Source material:
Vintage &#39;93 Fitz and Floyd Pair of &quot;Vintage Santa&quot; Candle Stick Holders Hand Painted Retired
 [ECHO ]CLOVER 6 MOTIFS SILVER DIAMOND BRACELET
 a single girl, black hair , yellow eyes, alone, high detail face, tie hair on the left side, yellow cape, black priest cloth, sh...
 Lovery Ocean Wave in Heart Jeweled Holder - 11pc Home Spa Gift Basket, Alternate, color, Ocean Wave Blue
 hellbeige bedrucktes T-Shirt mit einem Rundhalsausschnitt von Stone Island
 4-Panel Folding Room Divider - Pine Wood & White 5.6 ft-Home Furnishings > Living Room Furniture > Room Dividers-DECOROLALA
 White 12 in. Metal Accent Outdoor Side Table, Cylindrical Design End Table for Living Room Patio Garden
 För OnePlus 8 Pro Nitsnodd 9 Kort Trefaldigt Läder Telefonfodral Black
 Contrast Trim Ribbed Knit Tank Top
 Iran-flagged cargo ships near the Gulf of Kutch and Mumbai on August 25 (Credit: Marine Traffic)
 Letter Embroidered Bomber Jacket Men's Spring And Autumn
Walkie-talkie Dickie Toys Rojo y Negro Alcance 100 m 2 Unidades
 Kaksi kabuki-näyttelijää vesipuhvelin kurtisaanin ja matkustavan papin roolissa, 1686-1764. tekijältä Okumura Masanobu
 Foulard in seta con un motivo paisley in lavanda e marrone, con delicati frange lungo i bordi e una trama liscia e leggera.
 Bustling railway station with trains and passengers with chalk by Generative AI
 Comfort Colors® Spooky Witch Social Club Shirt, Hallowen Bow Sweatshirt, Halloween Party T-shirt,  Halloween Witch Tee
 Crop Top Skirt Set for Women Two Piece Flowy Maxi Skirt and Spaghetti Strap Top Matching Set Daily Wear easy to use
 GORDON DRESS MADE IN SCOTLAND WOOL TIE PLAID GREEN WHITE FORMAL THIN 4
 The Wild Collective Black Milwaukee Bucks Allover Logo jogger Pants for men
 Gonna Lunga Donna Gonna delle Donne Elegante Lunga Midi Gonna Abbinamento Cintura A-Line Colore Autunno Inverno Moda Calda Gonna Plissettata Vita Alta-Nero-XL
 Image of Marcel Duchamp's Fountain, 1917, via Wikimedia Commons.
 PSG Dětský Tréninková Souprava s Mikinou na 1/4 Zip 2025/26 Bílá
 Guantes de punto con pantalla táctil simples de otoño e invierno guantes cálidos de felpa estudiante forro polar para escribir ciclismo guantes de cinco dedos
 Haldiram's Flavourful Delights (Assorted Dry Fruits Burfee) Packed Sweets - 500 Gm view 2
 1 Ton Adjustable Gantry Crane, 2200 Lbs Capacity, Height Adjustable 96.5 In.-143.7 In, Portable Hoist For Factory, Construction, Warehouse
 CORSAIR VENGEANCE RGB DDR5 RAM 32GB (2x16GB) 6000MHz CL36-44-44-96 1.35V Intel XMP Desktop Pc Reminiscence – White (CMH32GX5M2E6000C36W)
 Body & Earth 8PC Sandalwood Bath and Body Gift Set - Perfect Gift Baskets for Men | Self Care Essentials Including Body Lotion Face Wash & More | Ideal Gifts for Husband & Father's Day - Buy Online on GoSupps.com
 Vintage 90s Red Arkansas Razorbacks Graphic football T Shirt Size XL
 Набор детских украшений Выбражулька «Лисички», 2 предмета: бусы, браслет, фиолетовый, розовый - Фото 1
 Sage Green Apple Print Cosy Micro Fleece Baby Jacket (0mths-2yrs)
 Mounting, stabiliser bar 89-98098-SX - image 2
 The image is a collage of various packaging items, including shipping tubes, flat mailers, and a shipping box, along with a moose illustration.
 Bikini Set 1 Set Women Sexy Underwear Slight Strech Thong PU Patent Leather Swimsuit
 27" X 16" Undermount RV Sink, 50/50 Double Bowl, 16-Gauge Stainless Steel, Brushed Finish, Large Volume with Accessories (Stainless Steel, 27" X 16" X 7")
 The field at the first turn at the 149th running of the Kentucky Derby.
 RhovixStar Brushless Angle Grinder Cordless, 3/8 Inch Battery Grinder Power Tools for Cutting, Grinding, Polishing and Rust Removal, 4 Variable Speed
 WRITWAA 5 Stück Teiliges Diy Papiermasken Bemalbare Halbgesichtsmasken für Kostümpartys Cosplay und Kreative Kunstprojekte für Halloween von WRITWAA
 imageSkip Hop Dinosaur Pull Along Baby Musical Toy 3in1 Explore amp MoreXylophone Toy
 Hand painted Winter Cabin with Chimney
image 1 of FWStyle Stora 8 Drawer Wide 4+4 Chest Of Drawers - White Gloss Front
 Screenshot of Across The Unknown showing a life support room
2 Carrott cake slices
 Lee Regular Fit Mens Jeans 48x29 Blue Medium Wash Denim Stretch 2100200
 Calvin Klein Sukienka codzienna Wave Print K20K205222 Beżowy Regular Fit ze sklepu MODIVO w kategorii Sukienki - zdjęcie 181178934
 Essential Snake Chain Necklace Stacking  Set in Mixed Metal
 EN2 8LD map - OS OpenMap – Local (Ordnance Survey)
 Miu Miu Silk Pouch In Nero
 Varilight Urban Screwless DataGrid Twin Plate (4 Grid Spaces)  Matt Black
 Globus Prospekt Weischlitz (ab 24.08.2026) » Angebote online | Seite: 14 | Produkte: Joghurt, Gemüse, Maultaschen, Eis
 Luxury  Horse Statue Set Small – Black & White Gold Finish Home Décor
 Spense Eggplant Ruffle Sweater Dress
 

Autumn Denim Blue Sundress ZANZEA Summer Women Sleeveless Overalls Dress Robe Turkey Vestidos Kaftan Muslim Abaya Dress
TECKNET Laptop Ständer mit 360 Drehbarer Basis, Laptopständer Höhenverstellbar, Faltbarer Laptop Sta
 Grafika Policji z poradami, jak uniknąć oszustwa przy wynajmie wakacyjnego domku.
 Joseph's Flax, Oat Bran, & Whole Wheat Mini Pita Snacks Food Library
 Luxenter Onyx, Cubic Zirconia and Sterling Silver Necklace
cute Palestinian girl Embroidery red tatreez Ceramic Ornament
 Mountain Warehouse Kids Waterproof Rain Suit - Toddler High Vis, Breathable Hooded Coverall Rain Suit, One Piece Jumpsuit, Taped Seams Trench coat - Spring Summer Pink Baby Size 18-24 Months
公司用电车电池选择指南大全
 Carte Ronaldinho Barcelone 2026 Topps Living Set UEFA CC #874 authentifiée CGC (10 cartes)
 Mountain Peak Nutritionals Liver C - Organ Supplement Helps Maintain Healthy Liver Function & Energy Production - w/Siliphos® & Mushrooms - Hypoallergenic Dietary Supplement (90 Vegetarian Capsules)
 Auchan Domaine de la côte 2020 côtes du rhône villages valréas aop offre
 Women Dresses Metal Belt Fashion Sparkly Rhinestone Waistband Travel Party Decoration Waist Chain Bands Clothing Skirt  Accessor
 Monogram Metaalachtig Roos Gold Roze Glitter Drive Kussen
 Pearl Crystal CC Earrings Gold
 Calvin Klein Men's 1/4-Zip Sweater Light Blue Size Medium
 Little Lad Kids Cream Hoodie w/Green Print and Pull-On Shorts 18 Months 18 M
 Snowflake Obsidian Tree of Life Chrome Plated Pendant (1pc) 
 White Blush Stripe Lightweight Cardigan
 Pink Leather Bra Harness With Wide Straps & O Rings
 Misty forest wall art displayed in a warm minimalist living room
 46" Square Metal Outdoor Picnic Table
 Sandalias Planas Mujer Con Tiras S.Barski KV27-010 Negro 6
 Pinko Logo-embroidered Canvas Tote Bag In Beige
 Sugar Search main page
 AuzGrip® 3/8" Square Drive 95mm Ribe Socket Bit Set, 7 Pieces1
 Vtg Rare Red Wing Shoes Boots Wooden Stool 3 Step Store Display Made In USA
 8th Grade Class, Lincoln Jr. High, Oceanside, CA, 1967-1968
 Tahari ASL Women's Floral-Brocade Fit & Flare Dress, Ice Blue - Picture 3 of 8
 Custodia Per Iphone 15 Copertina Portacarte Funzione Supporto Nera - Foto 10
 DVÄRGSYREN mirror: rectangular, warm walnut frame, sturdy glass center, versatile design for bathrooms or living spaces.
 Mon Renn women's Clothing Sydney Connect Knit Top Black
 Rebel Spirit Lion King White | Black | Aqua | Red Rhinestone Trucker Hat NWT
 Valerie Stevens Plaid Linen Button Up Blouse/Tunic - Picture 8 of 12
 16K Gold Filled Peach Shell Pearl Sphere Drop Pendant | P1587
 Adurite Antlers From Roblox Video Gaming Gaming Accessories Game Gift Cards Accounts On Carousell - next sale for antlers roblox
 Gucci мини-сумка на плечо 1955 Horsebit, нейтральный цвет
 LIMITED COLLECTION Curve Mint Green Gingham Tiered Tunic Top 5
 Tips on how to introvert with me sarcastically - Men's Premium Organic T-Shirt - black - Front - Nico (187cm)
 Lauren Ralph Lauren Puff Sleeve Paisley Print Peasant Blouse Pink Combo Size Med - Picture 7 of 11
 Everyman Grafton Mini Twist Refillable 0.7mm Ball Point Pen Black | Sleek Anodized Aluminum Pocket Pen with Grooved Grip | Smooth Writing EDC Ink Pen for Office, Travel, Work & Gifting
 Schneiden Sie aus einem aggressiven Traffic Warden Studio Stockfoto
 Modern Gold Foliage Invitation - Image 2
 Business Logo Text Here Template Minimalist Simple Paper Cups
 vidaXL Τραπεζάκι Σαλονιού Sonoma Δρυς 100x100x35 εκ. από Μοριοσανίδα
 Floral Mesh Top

Your instructions: Go through the material above and output exactly the lines from the one containing "Набор детских украшений" through the one containing "Screenshot of Across".

Result:
 Набор детских украшений Выбражулька «Лисички», 2 предмета: бусы, браслет, фиолетовый, розовый - Фото 1
 Sage Green Apple Print Cosy Micro Fleece Baby Jacket (0mths-2yrs)
 Mounting, stabiliser bar 89-98098-SX - image 2
 The image is a collage of various packaging items, including shipping tubes, flat mailers, and a shipping box, along with a moose illustration.
 Bikini Set 1 Set Women Sexy Underwear Slight Strech Thong PU Patent Leather Swimsuit
 27" X 16" Undermount RV Sink, 50/50 Double Bowl, 16-Gauge Stainless Steel, Brushed Finish, Large Volume with Accessories (Stainless Steel, 27" X 16" X 7")
 The field at the first turn at the 149th running of the Kentucky Derby.
 RhovixStar Brushless Angle Grinder Cordless, 3/8 Inch Battery Grinder Power Tools for Cutting, Grinding, Polishing and Rust Removal, 4 Variable Speed
 WRITWAA 5 Stück Teiliges Diy Papiermasken Bemalbare Halbgesichtsmasken für Kostümpartys Cosplay und Kreative Kunstprojekte für Halloween von WRITWAA
 imageSkip Hop Dinosaur Pull Along Baby Musical Toy 3in1 Explore amp MoreXylophone Toy
 Hand painted Winter Cabin with Chimney
image 1 of FWStyle Stora 8 Drawer Wide 4+4 Chest Of Drawers - White Gloss Front
 Screenshot of Across The Unknown showing a life support room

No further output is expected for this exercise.